Qu’est-ce qui vous fait avancer ? Qu’est-ce qui permet aux hommes de réaliser leurs rêves ? Qu’est-ce qui peut ruiner nos vies ? L’HISTOIRE nous fournit des réponses. Examinons, analysons les faits qui bouleversent notre société. Les lectures les plus diversifiées ouvrent notre esprit sur le Monde. Lire a tant de mérites : imaginer, apprendre, rêver…
– Allô, vous pouvez venir me voir ?
– C’est pour quoi ?
– J’peux pas vous dire.
– Mercredi, à 9 h 30, ça vous irait ?
– Non, il faut venir à 7 h 00.
– Pourquoi si tôt ?
– Parce que les patrons ne sont pas levés.
Je réfléchis : Je ne dois pas être vu. Pourquoi une telle peur de l’employeur ? Serais-je un danger, celui à qui l’on révèle une situation à cacher.
– D’accord pour 7 h 00.
– Vous passerez par l’arrière, j’ouvrirai le portillon du jardin. J’attendrai à la porte de la remise. Ne frappez pas.

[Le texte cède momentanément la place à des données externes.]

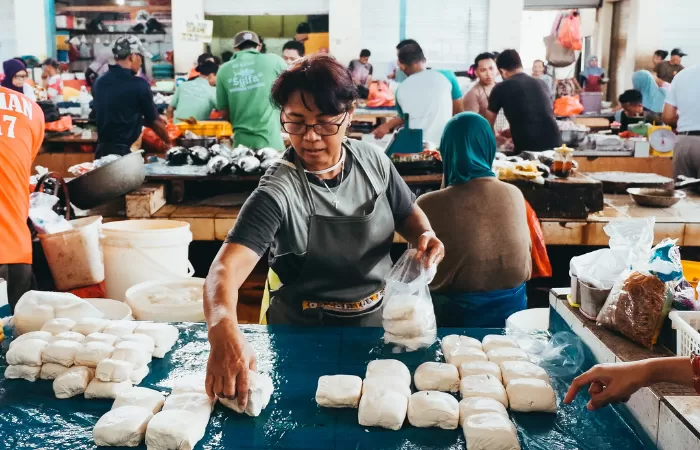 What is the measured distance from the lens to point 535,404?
1.80m

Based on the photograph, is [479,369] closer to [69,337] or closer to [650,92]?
[69,337]

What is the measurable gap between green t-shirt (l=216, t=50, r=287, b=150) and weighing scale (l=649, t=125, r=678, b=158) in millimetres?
3915

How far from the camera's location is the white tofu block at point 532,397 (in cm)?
180

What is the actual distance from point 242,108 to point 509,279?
349 cm

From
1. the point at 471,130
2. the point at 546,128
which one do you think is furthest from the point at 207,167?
the point at 546,128

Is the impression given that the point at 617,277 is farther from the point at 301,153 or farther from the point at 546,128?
the point at 546,128

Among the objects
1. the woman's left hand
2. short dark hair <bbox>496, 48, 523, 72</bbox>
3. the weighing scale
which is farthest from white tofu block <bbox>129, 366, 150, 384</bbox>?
the weighing scale

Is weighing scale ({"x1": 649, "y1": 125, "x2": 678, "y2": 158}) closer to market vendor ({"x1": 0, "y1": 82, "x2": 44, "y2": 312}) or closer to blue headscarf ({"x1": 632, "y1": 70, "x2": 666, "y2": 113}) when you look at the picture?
blue headscarf ({"x1": 632, "y1": 70, "x2": 666, "y2": 113})

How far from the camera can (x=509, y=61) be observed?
6004mm

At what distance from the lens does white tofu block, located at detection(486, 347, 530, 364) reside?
2094mm

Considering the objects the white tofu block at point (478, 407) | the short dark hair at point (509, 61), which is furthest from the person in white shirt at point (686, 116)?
the white tofu block at point (478, 407)

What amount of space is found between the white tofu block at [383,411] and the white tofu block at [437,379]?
0.17m

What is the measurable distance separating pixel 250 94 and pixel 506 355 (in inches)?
167

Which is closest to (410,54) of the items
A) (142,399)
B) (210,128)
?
(210,128) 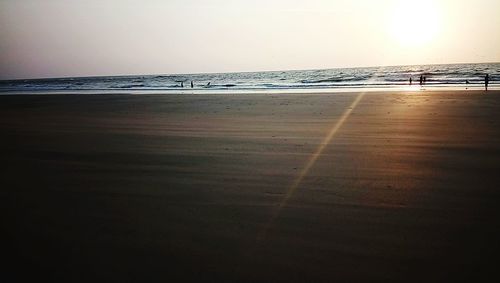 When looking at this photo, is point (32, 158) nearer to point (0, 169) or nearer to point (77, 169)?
point (0, 169)

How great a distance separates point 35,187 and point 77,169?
995 mm

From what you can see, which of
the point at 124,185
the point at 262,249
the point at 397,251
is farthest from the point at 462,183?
the point at 124,185

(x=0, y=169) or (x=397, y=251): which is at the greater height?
(x=397, y=251)

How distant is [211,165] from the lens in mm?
6512

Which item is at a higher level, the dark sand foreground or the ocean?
the dark sand foreground

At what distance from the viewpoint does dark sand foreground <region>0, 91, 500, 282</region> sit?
316cm

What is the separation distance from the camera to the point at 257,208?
4457 mm

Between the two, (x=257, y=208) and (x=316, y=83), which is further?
(x=316, y=83)

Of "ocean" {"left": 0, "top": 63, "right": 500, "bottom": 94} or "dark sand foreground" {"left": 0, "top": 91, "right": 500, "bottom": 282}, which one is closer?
"dark sand foreground" {"left": 0, "top": 91, "right": 500, "bottom": 282}

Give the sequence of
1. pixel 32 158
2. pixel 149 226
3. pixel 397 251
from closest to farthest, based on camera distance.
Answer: pixel 397 251 < pixel 149 226 < pixel 32 158

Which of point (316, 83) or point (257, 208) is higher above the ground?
point (257, 208)

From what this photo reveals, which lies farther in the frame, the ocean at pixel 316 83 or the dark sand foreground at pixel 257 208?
the ocean at pixel 316 83

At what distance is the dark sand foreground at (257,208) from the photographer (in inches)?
124

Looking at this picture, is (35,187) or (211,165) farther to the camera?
(211,165) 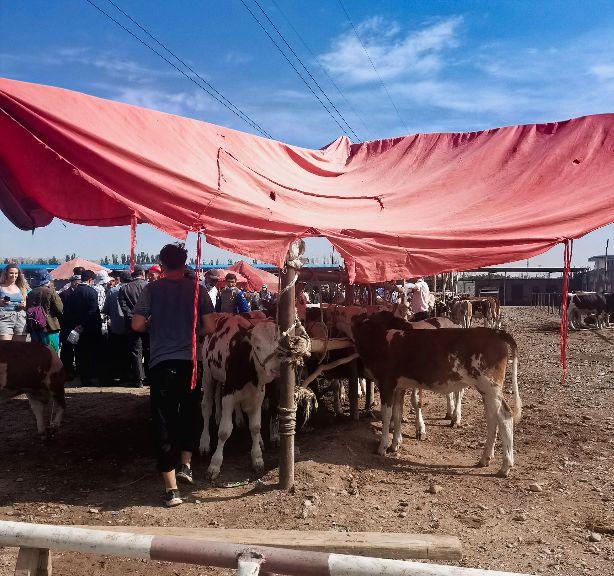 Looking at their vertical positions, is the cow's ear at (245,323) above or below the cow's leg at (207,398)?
above

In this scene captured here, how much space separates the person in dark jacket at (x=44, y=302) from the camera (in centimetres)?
880

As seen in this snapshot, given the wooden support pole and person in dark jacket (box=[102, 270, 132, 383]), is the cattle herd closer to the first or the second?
the wooden support pole

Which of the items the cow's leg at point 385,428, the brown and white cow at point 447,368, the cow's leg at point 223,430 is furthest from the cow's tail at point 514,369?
the cow's leg at point 223,430

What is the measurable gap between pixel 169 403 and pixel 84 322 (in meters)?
5.60

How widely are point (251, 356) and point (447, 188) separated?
2998 millimetres

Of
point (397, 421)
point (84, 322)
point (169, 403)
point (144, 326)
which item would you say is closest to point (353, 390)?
point (397, 421)

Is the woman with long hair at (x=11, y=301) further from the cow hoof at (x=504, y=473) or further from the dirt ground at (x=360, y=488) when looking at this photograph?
the cow hoof at (x=504, y=473)

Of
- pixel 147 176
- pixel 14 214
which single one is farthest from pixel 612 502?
pixel 14 214

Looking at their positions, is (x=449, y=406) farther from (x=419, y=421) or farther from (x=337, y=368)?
(x=337, y=368)

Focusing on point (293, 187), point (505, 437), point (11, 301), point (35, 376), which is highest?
point (293, 187)

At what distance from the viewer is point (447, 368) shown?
6.21 metres

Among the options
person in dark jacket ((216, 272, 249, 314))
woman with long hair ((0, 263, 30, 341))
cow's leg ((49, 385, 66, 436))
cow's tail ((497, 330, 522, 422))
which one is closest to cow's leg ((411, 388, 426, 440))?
cow's tail ((497, 330, 522, 422))

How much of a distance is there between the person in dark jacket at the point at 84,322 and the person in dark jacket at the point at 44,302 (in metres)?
0.83

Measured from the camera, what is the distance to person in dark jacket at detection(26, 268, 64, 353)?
8.80m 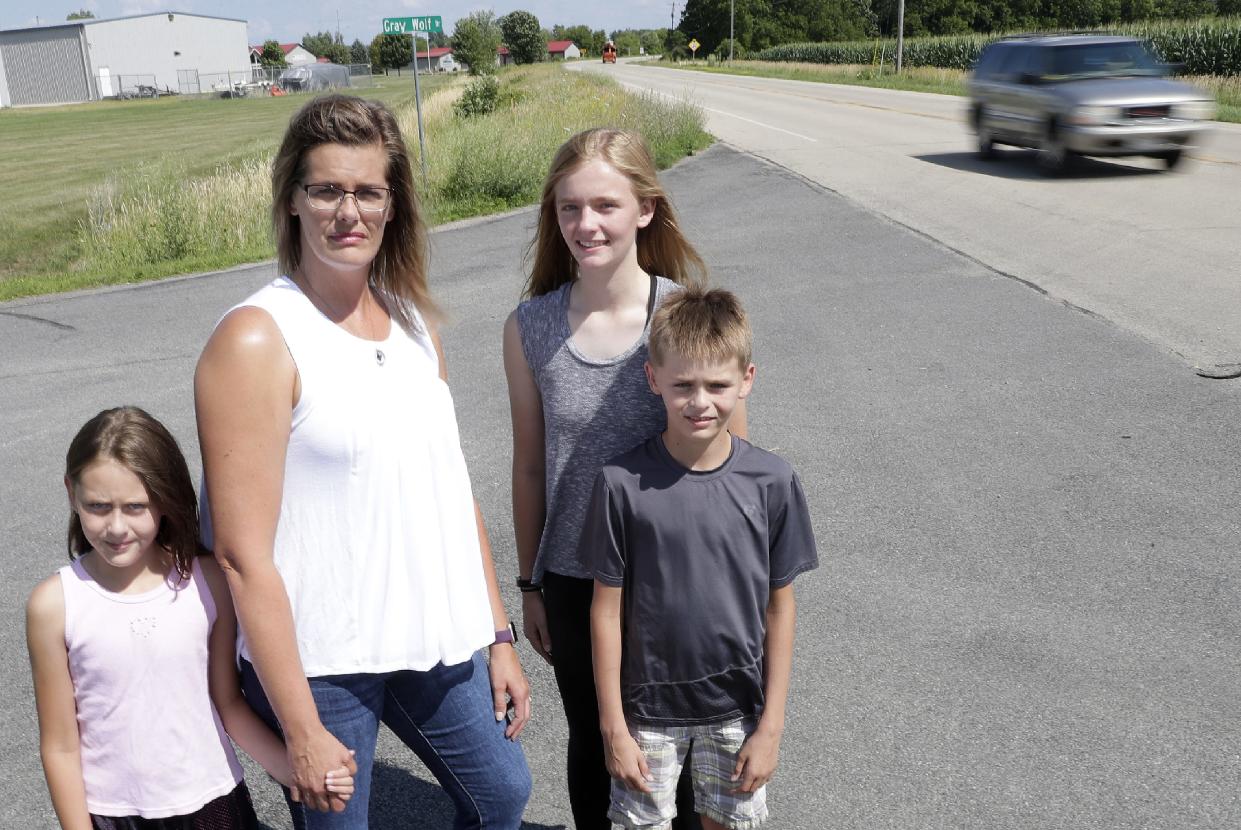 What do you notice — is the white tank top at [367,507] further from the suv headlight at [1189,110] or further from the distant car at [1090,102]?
the suv headlight at [1189,110]

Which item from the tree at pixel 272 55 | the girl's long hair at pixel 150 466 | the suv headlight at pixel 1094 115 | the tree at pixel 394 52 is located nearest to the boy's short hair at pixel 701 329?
the girl's long hair at pixel 150 466

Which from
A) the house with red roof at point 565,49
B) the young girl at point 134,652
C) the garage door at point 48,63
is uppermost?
the house with red roof at point 565,49

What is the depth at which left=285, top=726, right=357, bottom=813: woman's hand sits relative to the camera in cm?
191

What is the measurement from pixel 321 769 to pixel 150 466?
669 mm

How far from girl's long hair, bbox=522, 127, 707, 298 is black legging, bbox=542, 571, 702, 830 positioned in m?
0.74

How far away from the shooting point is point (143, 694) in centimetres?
204

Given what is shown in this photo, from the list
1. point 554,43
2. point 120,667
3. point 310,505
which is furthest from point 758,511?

Qu’est-ce qui peut bien m’attendre à ce rendez-vous pour le moins étrange ? Et si je tombe nez à nez avec le patron !
Le jour convenu, je stationne ma voiture à bonne distance. Ne pas éveiller les soupçons du patron. Le petit portillon en fer est entrouvert, il ne grince pas. Le jour n’est pas encore levé ; où est l’entrée de la remise ? J’aperçois une silhouette dans l’entrebâillement d’une porte. Je m’approche, il place son index devant sa bouche. Compris : « Ne pas parler ». Nous traversons une pièce encombrée d’objets et de meubles hors d’usage, puis un grand salon légèrement éclairé par une grande baie vitrée de la couleur d’un vitrail ; on se croirait dans une chapelle. Je heurte une petite table basse. Pas de bruit, pas de casse. Ouf ! Je n’ai réveillé personne. Il se retourne, l’index toujours en travers des lèvres « Silence ! » L’homme m’invite à presser le pas. Un escalier étroit : les marches vont-elles craquer ? Non. Arrivée sous les toits. Nous n’avons encore échangé aucun mot.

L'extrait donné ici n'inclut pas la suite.